▶ _Exercise requirements_: Exact copies of all the lines below are required.

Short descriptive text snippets
Content starts
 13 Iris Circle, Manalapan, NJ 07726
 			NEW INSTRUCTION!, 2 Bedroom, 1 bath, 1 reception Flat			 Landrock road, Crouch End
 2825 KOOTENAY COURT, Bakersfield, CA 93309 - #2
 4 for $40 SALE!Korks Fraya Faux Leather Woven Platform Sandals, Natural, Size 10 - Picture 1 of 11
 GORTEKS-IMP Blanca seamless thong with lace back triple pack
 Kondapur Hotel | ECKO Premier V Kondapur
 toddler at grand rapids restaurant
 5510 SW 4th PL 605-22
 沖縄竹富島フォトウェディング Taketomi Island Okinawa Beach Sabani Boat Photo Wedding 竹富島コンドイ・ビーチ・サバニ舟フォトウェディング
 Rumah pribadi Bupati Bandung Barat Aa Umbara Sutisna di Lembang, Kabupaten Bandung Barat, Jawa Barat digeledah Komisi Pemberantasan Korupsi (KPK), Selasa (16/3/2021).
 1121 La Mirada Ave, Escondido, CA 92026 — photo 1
Content ends
▶ _Answer to the problem_:
 13 Iris Circle, Manalapan, NJ 07726
 			NEW INSTRUCTION!, 2 Bedroom, 1 bath, 1 reception Flat			 Landrock road, Crouch End
 2825 KOOTENAY COURT, Bakersfield, CA 93309 - #2
 4 for $40 SALE!Korks Fraya Faux Leather Woven Platform Sandals, Natural, Size 10 - Picture 1 of 11
 GORTEKS-IMP Blanca seamless thong with lace back triple pack
 Kondapur Hotel | ECKO Premier V Kondapur
 toddler at grand rapids restaurant
 5510 SW 4th PL 605-22
 沖縄竹富島フォトウェディング Taketomi Island Okinawa Beach Sabani Boat Photo Wedding 竹富島コンドイ・ビーチ・サバニ舟フォトウェディング
 Rumah pribadi Bupati Bandung Barat Aa Umbara Sutisna di Lembang, Kabupaten Bandung Barat, Jawa Barat digeledah Komisi Pemberantasan Korupsi (KPK), Selasa (16/3/2021).
 1121 La Mirada Ave, Escondido, CA 92026 — photo 1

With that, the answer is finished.